El monstruo bicèfalo
El presente es el discurso de inauguración del Primer Congreso de Escritores
Colombianos, pronunciado el 30 de septiembre de 1998 en el auditorio de Comfama,
en Medellín, ante el vicepresidente de la república, Gustavo Bell.
Señor vicepresidente, señora directora de Comfama, amigos escritores:
Que cada quien hable por sí mismo, en nombre propio, y diga lo que tenga que decir
que el hombre nace solo y se muere solo y para eso estamos en Colombia donde por
lo menos, en medio de este desastre, somos libres de irnos y volver cuando
queramos, y de decir y escribir y opinar lo que queramos, así después nos maten. ¡Y
qué importa! Una libertad de semejante magnitud no tiene precio. En uso de esa
libertad espléndida que me confiere Colombia, que a nadie calla, me dirijo a ustedes
esta noche aprovechando que todavía estoy vivo. ¡Y que se callen los muertos! Con
eso de que cualquier vida humana aquí no vale más que unos cuantos pesos, los que
cuesta un sicario... ¡Y adivinen quién lo contrató! Esa es la ventaja de vivir en
Colombia, de morir en Colombia, que uno se va tranquilo sin saber de dónde vino la
bala, si de la derecha o de la izquierda, y así, ignorante el difuntico del causante de su
muerte, sin resentimientos ni rencores, se queda por los siglos de los siglos en la
infinita eternidad de Dios.
Pero una cosa por lo menos para mí sí está muy clara, pese a lo turbias que parecen
que están aquí las aguas: que hoy por hoy el signo de Colombia es la impunidad, que
se le viene a sumar al de la infamia. ¿Cuál infamia? La de siempre, la ignominada, la
que todos padecemos pero que nadie señala como si nadie la viera porque fuera
invisible, y la que nadie nombra como si no tuviera nombre. Y sin embargo sí lo tiene y
sí se ve. Es cuestión de querer nombrarla y verla. Es de ella de la que voy a hablar
aquí, y para empezar les diré que tiene la duración de nuestra historia, la historia de
Colombia.
Ya va para doscientos años que nació esto, un día en que se quebró un florero. ¿Lo
quebraron los criollos? ¿Lo quebraron los peninsulares? Unos y otros lo quebraron
puesto que eran unos mismos: tinterillos de corazón en busca de puesto. Acto
seguido les declaramos la guerra de independencia y se la ganamos. ¿Pero
independencia de qué? ¿De quién? ¿Por qué? ¿De España? España era eso: los
tinterillos, las estampillas, el papel sellado. Pues los tinterillos con sus estampillas y su
papel sellado han pesado desde entonces sobre nosotros y se han parrandeado
nuestro destino. Nosotros lo hemos permitido, nosotros les hemos dejado hacer, la
culpa es nuestra.
¡Cuánta tinta no ha corrido por este país en esos doscientos años en constituciones y
plebiscitos, en ordenanzas y decretos y leyes! Casi tanta como sangre. ¿Y para qué?

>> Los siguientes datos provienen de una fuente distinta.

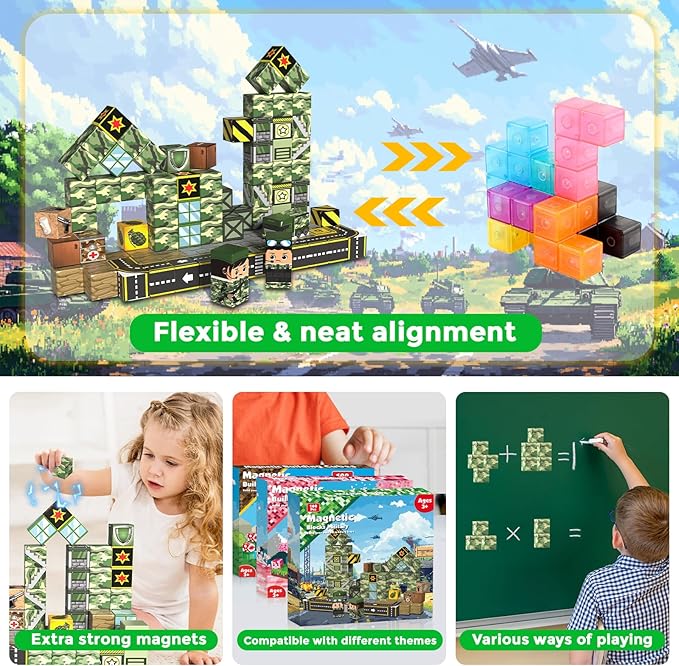 100PCS Magnetic Blocks - STEM Magnetic Building Blocks for Kids Military Construction Cube Toys Games, Educational Sensory Stacking Magnets Cube Toys for Kids Birthday Gifts Boys & Girls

¿Para estar en donde estamos? Me salto las guerras civiles para llegar de carrera al
presente. Me salto las muchas del siglo pasado y la de comienzos de éste, pero no la
de mediados de éste porque de esa a mí me tocó saber de niño, la guerra no
declarada en el campo entre conservadores y liberales, la del machete; un machete
de doble filo, por un lado conservador y por el otro liberal, pero solo y único, cortador
de cabezas. ¿Y cuándo va a llegar la hora en que las palabras «conservador» y
«liberal» se entiendan aquí como lo que son, los nombres de la infamia? ¿Habrá que
esperar a los historiadores del año tres mil para que la etiqueta de la infamia se la
pongan ellos a quienes se la ganaron? ¿O seremos capaces de ponérsela de una vez
nosotros? Y para que no digan que soy un calumniador y que les estoy poniendo a
quienes no debo los calificativos que no debo, y que en un congreso de escritores, y
justamente el primero que se celebra en Colombia, estoy usando mal las palabras, les
voy a recordar unos nombres: El Dovio, Fresno, Irra, Salento, Armero, La Línea,
Letras, Icononzo, Supía, Anserma, Cajamarca, El Águila, Falan. El genocidio de El
Dovio, el genocidio de Fresno, el genocidio de Irra, el genocidio de Salento, el
genocidio de Armero, el genocidio de La Línea, el genocidio de Letras, el genocidio de
Icononzo, el genocidio de Supía, el genocidio de Anserma, el genocidio de Cajamarca,
el genocidio de El Águila, el genocidio de Falan, ¿qué? ¿Nunca ocurrieron?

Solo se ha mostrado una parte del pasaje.